Brief: Among the lines of the data, copy those that hold "download".

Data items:

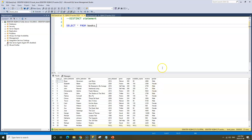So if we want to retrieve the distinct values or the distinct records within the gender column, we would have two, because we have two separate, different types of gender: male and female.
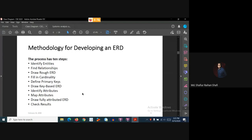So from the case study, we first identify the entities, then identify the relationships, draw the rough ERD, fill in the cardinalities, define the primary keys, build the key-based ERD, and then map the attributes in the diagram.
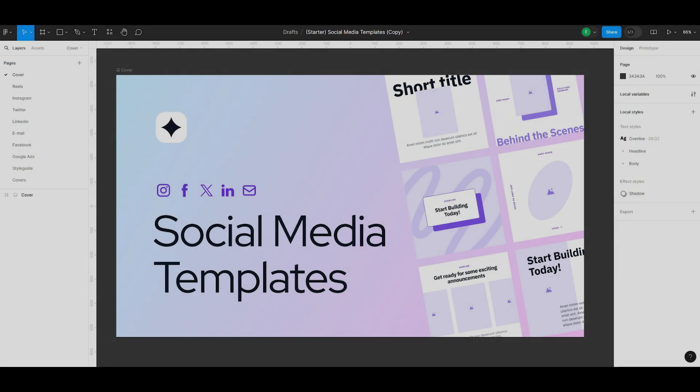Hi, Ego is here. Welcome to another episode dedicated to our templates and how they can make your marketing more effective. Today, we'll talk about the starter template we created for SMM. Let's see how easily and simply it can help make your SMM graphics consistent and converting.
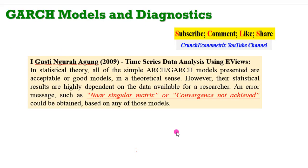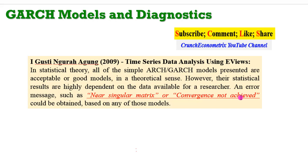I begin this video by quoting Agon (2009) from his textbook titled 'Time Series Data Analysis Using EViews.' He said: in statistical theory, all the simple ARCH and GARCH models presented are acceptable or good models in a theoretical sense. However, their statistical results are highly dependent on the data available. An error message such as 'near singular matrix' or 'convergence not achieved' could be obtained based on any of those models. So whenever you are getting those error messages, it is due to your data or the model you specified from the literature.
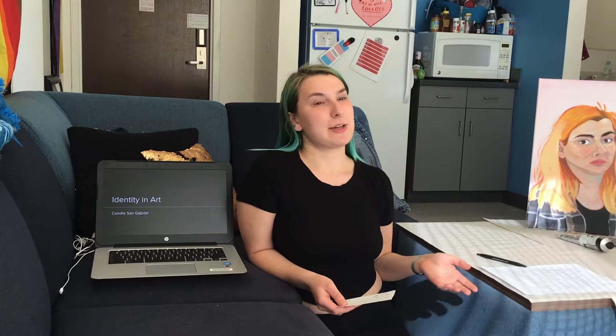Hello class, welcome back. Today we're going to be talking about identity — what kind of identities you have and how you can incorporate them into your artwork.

---

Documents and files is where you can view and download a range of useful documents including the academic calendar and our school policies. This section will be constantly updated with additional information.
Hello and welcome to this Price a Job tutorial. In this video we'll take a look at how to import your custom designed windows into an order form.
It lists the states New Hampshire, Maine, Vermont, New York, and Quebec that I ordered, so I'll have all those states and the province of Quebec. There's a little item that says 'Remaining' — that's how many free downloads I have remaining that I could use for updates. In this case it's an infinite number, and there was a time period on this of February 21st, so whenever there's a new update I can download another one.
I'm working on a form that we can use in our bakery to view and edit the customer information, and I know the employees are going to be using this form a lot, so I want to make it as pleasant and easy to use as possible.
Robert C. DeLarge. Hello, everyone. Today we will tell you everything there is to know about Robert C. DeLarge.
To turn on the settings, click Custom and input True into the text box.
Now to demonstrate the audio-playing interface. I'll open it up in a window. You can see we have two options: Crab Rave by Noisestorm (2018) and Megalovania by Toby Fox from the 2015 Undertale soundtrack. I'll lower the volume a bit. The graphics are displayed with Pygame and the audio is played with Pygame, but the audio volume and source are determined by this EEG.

--

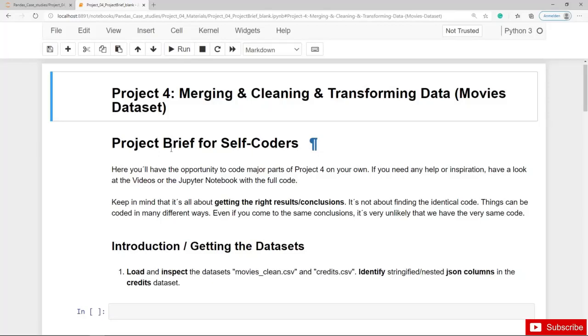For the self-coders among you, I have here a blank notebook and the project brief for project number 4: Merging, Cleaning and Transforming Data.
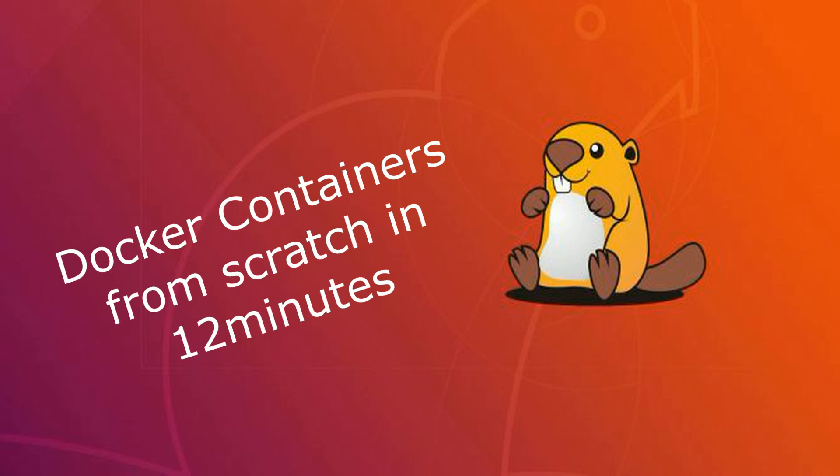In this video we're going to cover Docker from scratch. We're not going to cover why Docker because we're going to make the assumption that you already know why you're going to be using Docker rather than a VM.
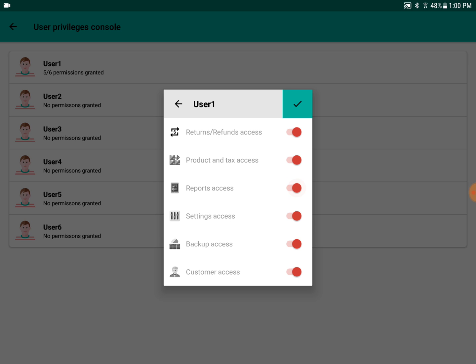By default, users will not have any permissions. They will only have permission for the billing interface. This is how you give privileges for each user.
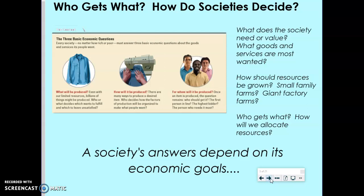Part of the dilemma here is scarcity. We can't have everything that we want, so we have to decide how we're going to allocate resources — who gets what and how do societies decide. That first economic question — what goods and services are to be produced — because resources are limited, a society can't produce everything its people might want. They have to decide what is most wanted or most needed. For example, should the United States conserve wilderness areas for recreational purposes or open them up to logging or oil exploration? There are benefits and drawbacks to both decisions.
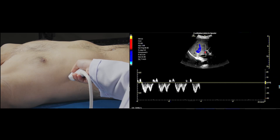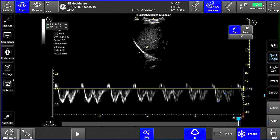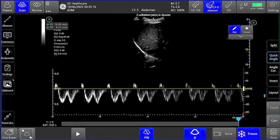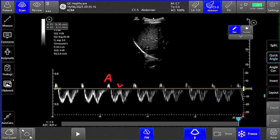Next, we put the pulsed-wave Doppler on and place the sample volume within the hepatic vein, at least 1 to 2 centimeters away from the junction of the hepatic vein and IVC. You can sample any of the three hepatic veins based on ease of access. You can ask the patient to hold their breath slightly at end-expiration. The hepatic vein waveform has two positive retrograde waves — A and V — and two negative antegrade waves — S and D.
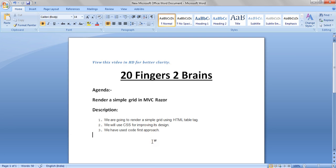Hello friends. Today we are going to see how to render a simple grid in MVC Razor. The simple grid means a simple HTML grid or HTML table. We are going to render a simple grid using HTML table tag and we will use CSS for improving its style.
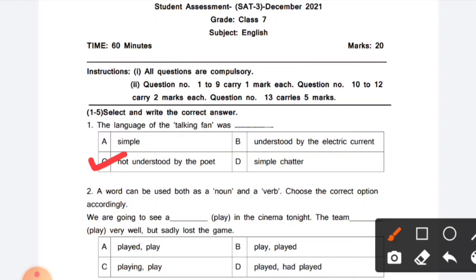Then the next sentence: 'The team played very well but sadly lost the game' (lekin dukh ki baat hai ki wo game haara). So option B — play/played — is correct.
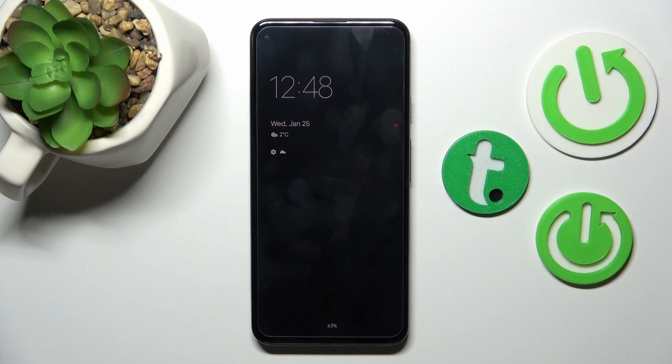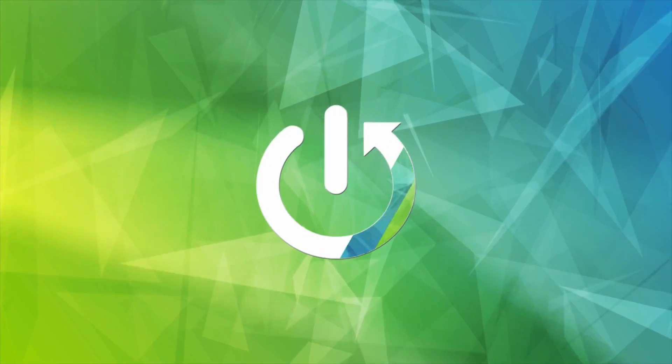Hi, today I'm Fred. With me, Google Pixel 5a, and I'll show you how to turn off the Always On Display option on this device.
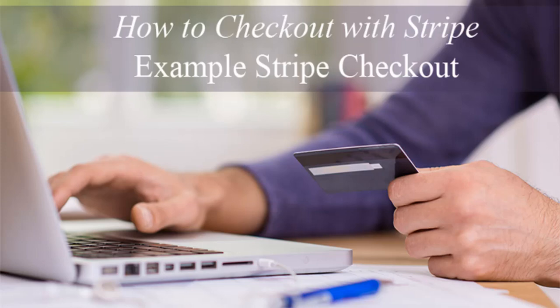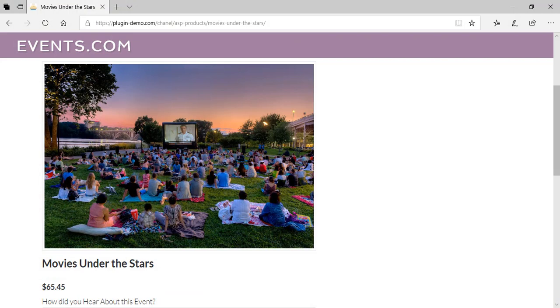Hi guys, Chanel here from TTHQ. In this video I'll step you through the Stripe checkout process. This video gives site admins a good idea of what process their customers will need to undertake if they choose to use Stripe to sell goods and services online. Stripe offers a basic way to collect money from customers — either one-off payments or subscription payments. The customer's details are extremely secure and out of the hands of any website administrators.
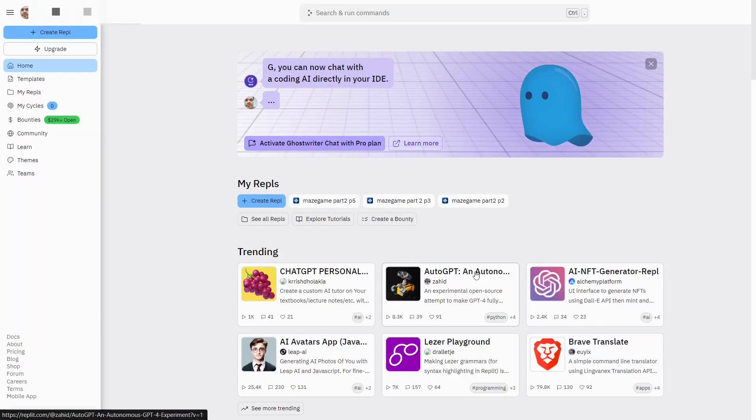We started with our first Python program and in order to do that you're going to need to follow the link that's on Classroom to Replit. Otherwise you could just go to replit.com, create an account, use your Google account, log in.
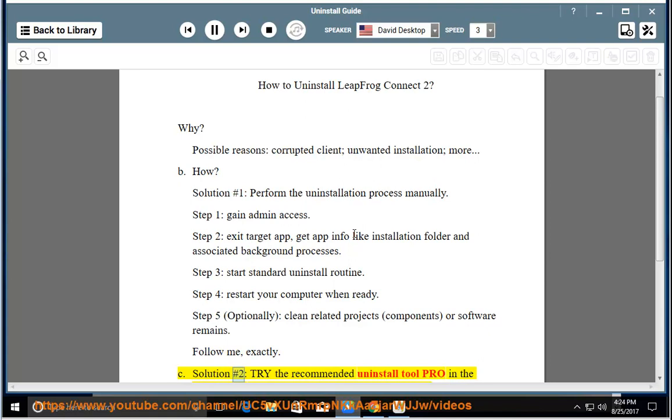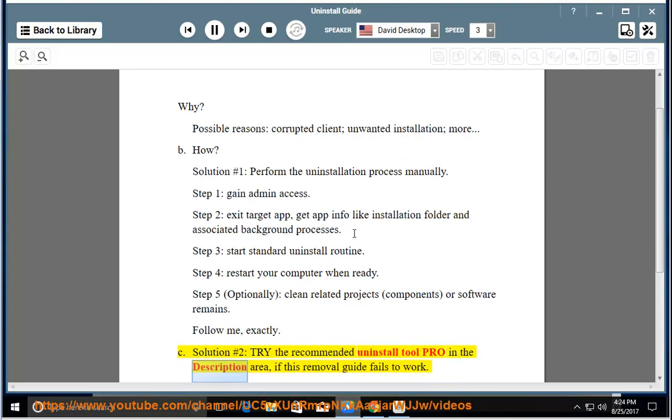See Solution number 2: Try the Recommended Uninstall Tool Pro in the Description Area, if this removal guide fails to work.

Result:
Documents and files is where you can view and download a range of useful documents including the academic calendar and our school policies. This section will be constantly updated with additional information.
It lists the states New Hampshire, Maine, Vermont, New York, and Quebec that I ordered, so I'll have all those states and the province of Quebec. There's a little item that says 'Remaining' — that's how many free downloads I have remaining that I could use for updates. In this case it's an infinite number, and there was a time period on this of February 21st, so whenever there's a new update I can download another one.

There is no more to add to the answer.